Bank syariah mahzab Indonesia tentu saja bukan berarti ia menafikan prinsip-prinsip syariah. Al Quran dan Hadist, bagaimanapun tetap menjadi refesensi utama bank syariah mahzab Indonesia ini. Namun, yang membedakan dengan bank syariah negara lain adalah lembaga bank Islam ala Indonesia ini dibangun dengan pendekatan ekonomi-sosial-politik nasional. Singkat kata, produk-produk bank syariah yang dikembangkan haruslah berdasarkan karakterisitik dan kebutuhan nasabah tanah air.

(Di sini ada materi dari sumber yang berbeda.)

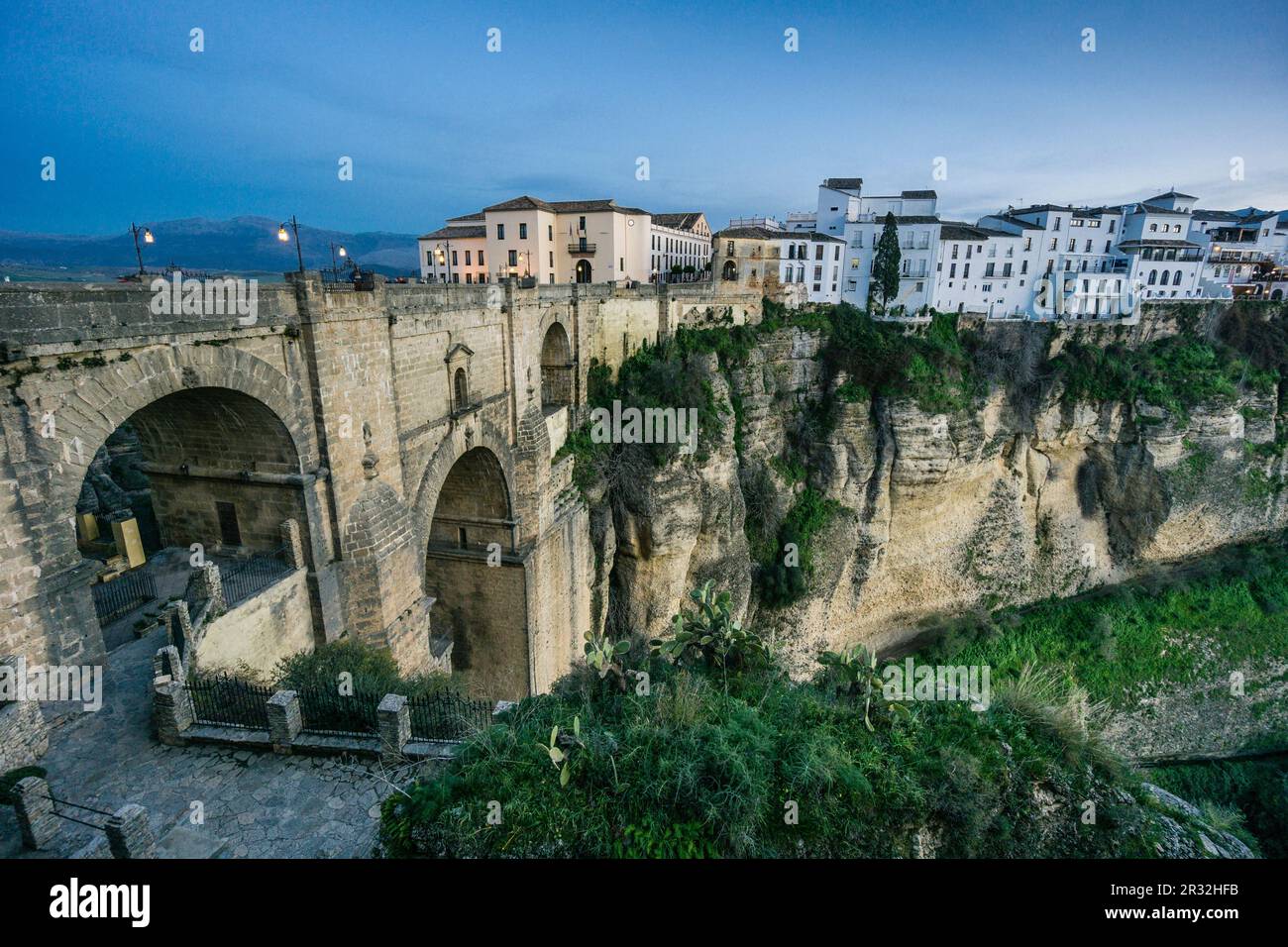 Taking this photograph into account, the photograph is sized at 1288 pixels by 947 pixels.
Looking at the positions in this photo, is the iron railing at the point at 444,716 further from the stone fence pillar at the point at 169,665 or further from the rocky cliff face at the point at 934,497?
the rocky cliff face at the point at 934,497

Dari sudut pandang ekonomi, misalnya, mayoritas penduduk Indonesia bekerja di sektor pertanian. Dari kaca mata ini produk pembiayaan perbankan syariah seharusnya dirancang untuk memenuhi kebutuhan sektor tadi. Contohnya produk dengan akad Salam. Namun realitas yang terjadi saat ini justru sebaliknya. Pembiayaan bank syariah bagi sektor pertanian cuma menempati posisi nomor tujuh atau tiga terbawah dengan jumlah Rp2 triliun atau 2,7 persen total pembiayaan perbankan nasional. Angka ini jauh di bawah sektor lain yang nota bene bukan sektor utama para pekerja Indonesia, seperti Jasa (27 persen) dan perdagangan (10 persen).

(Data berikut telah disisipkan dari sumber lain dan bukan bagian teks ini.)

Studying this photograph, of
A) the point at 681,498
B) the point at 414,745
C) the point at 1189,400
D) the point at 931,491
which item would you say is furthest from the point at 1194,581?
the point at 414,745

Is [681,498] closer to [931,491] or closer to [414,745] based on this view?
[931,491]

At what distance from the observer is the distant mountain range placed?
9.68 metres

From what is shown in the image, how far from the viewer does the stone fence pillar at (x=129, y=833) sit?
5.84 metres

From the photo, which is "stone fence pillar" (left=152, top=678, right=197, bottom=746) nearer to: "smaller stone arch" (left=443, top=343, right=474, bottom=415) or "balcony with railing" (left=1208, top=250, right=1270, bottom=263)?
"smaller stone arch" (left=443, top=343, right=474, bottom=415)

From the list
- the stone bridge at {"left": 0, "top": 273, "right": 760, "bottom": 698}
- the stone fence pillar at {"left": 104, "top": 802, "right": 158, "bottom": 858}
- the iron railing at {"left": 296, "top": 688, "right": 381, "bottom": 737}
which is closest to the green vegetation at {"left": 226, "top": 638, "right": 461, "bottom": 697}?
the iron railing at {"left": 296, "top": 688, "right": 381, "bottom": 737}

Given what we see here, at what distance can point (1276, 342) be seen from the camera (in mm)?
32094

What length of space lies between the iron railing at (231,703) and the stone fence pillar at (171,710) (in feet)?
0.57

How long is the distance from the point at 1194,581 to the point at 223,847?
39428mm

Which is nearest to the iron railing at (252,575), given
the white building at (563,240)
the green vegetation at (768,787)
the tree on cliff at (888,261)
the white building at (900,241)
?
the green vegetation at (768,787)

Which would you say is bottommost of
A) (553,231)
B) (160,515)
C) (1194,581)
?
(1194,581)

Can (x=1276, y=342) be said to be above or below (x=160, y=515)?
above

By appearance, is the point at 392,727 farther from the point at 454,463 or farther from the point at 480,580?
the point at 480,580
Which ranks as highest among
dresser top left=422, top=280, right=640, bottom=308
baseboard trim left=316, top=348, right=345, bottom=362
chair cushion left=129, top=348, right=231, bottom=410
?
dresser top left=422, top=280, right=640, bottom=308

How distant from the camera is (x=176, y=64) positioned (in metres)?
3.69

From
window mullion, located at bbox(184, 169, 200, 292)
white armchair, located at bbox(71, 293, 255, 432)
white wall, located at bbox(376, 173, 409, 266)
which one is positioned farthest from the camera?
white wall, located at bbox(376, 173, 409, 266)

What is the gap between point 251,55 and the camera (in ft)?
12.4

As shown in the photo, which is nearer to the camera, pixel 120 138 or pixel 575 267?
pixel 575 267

Sementara kalau kita tinjau dari sudut pandang sosial, karakter dominan masyarakat Indonesia adalah memiliki solidaritas tolong menolong yang tinggi. Artinya produk-produk berakad Qardh (pinjaman), yang kental spirit membantu sesamanya sangat berpotensi untuk dikembangkan lebih jauh. Sayangnya, produk berakad Qardh ini baru sedikit saja dieksplorasi oleh bank syariah. Ini terlihat dari jumlah pembiayaan Qardh yang baru mencapai angka Rp6,8 triliun atau 9 persen dari total pembiayaan bank syariah nasional.
Adapun pendekatan politik yang dapat dikedepankan dalam pengembangan produk perbankan syariah mahzab Indonesia adalah politik pro poor alias keberpihakan kepada masyarakat kecil. Singkat kata, produk bank Islam harus dirancang untuk memberdayakan masyarakat kelas menengah ke bawah, yang memang jadi mayoritas penduduk Indoensia.
Sebenarnya bank syariah sudah menunjukkan ‘politik’ ini dengan lebih banyak menyalurkan pendanaan kepada para pengusaha level Usaha Kecil dan Menengah (UKM). Total 58 persen pembiayaan perbankan syariah dilungsurkan pada UKM dan ‘hanya’ 42 persen yang menjadi jatah korporasi.
Namun, tentu saja untuk membangun bank syariah yang sesuai dengan kebutuhan masyarakat bukan pekerjaan mudah. Dibutuhkan kerja keras dan komitmen dari berbagai pihak yang berkepentingan membangunnya. Soal ketebatasan kualitas dan kuantitas SDI, misalnya, perlu segera dicarikan solusinya. Kebutuhan SDI yang kompeten ini sudah sangat mendesak. Berdasarkan estimasi sejumlah pengamat, dalam beberapa tahun ke depan diperkirakan kebutuhan SDI nasional mencapai 40 ribu orang.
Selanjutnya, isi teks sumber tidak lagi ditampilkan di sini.